The FFT is a highly efficient procedure for computing the Discrete Fourier Transform (DFT) of a sampled time series. The DFT, taken from a continuous waveform, is derived from and closely related to the Fourier transform and is particularly useful for digital power spectrum analysis and filtering. The FFT takes advantage of the fact that the coefficients of the DFT can be calculated iteratively, which results in a considerable savings of computation time and a substantial performance advantage over the DFT.
Distributed Arithmetic (DA) was developed as an efficient computation scheme for DSP utilizing FFTs. The DA computation algorithm is now being effectively applied to embed DSP functions in FPGAs, particularly those with coarse-grained look-up table architectures, as described in U.S. Pat. No. 6,021,423. DA enables the replacement of the array multiplier, central to many DSP applications, with a gate-efficient serial/parallel multiplier, with little or no reduction in speed.
U.S. Pat. No. 6,021,423 discloses a space-efficient DA implementation of a DSP circuit implemented in an FPGA using FFTs. In the disclosed circuit, time-invariant systems are implemented using a 16-word, SRAM-based DA look-up table (DALUT). The DALUT contains the pre-computed values of all possible sums of coefficients, weighted by binary values of serial input data. Additional RAM resources are required for the large sine/cosine basis function database. These memory requirements are accommodated using a DALUT containing the pre-computed sums of partial products for combinations of input variables X.sub.rm, X.sub.im, X.sub.rn, X.sub.in and .theta..sub.k, as illustrated in FIG. 1.
The highly space-efficient implementation of a RADIX-2 circuit, illustrated in FIG. 1 and described in U.S. Pat. No. 6,021,423, allows for the implementation of complex FFT circuitry in a single programmable logic device. While the implementation disclosed in the parent case provides a number of significant advantages over the prior art, there remains a need to increase the speed of circuits that benefit from the use of a plurality of RADIX-2 implementations.
The need for multiple RADIXes is apparent from a time series containing N=2.sup.s samples or "points" (where s is the number of stages), wherein the corresponding FFT entails 2sN=2Nlog.sub.2 N multiply operations. For a complete N=1024 point FFT operation on 1024 time-points, a total of 5120=(N/2*log.sub.2 N=512*10) RADIX-2 operations will be required. If only one RADIX-2 is used, since two cycles are required for each RADIX-2 operation, the total time required will be 10240 (5120*2) cycles.

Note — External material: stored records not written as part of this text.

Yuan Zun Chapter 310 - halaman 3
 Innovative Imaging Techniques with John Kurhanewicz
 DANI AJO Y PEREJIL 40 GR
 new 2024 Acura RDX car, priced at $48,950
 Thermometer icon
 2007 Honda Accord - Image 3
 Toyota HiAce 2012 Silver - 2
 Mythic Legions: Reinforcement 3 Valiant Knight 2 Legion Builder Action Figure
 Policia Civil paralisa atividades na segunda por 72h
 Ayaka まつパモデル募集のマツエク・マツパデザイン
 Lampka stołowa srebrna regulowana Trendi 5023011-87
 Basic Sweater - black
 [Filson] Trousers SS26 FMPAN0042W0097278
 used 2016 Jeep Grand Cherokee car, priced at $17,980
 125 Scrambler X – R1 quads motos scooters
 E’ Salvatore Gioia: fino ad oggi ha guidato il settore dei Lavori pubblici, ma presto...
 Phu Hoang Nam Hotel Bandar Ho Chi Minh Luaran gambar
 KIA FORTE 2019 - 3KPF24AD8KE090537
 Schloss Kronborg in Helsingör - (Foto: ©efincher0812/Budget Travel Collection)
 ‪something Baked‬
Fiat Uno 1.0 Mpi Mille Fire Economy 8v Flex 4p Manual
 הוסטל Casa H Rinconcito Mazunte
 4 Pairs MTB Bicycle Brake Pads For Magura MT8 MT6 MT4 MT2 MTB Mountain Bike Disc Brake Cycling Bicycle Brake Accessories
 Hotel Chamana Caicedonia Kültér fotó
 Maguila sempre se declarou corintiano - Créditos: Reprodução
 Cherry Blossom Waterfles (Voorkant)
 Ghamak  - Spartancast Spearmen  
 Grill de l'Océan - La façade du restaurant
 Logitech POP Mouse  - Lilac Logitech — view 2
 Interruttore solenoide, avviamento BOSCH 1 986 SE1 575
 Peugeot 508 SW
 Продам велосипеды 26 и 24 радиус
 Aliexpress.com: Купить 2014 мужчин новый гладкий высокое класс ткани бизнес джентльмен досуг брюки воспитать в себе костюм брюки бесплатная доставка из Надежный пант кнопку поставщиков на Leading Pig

To reduce the number of cycles required for FFT calculations, it appears one need only increase the number of RADIX-2 elements in the circuit and use them simultaneously in each stage. However, two cycles (assuming dual-port RAM is used) are also needed to read and write variables to and from memory, and RAM read and write operations are required for every FFT function, even if additional RADIXes are used. Thus, where only a single RAM is available, there is little, if any, gain in implementation speed from the use of more than one RADIX-2 in a stage. A bottleneck in the data-rate from and to the RAM will retard the function of the circuit. Thus, using k RADIXes in a particular stage does not necessarily provide for k-times speedup of FFT calculations over a single-RADIX implementation. There is therefore a need in the art to which the present invention pertains to optimize FFT implementation for simultaneous use of a plurality of RADIXes.